Read-across between ATMP salts and the parent acid substance is considered appropriate because:

The category hypothesis is that all the members are various ionised forms of the acid CAS 6419-19-8. In dilute aqueous conditions of defined pH, a salt will behave no differently to the parent acid, at identical concentration of the particular speciated form present, and will be fully dissociated. Hence some properties (measured or expressed in aqueous media, e.g. ecotoxicity) for a salt can be directly read across (with suitable mass correction, see Section 1.4 of the CSR) to the parent acid and vice versa. In the present context the effect of the sodium and potassium counter-ions will not be significant. The ammonium salt does present a particular issue since ammonia drives the toxicity of the substance and will be assessed separately.

The behaviour of phosphonates in the environment will be profoundly affected by their concentration in water, the concentration and identities of metal ions, and the solids content per unit volume of water. From surface water through to soil a wide range of these parameters will be exhibited. Very few data concerning background concentrations of phosphonates in the environment are published, possibly due to the difficulties in detecting these substances at low concentrations in environmental media. Almost all natural waters contain more ions than the usual PEC values of the phosphonates.

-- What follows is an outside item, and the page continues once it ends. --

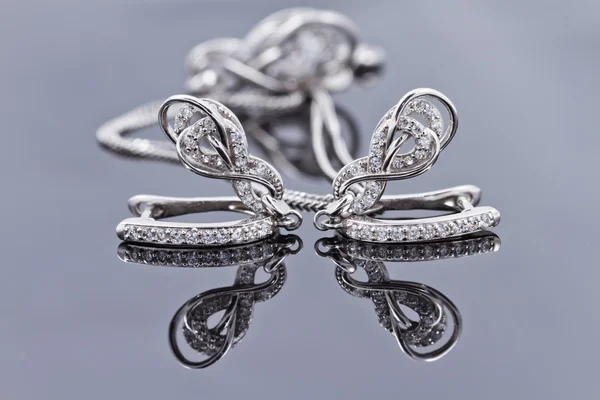 Eleganti orecchini in argento a forma di ferro di cavallo — Foto Stock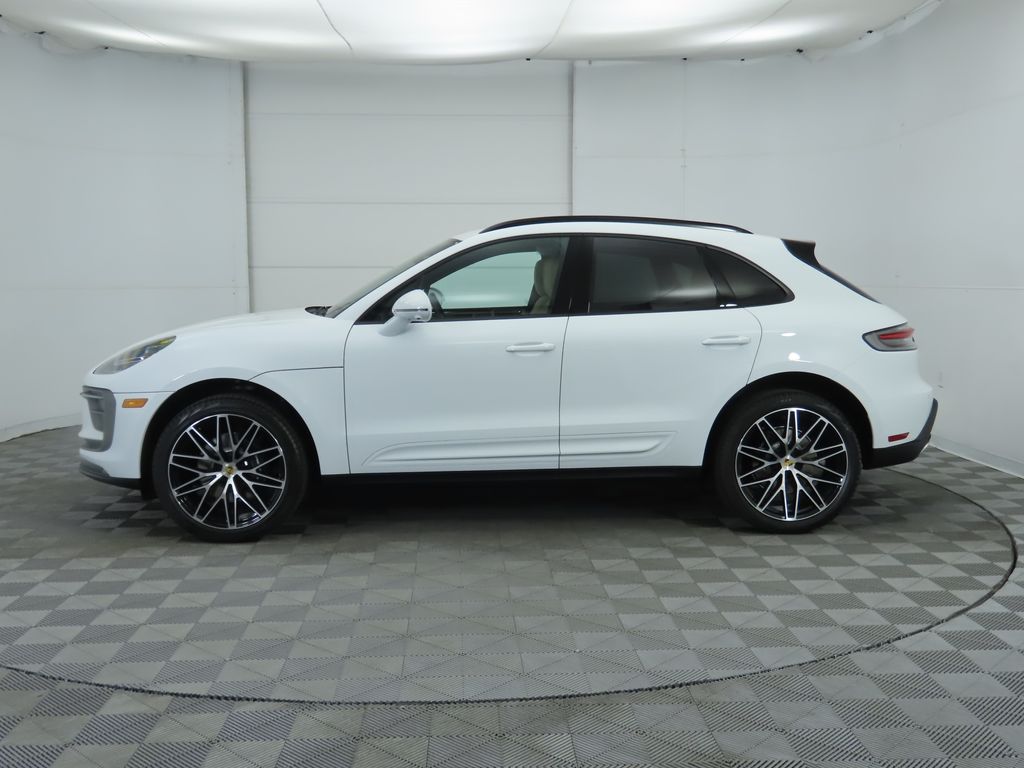 Thumbnail: 2025 Porsche Macan - 2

In addition, in the environment the salt form is immaterial and speciation will occur in natural media. Similarly, all environmental related endpoints, use of buffered test media results often reflect a salt speciation relevant for ~pH7 only and it would be impossible to test specific salts associated with high and low pH. Detaching or attracting a proton does not change the chemical safety assessment of the molecule as long as no other part of the molecular skeleton is changed, because in studies or when there is exposure, the pH will control the identity of the form or forms present.

Therefore, it is considered appropriate to read-across between the ATMP category members and attribute the effects to the acid component of the phosphonate.

Conclusion on classification

Not classified based on the fact that short term toxicity data is >100 mg/L, with the exception of marine invertebrates short term tox where EC50 <100 mg/L. However all the NOECs for long term toxicity data are >1 mg/L therefore ATMP is not classified for the environment.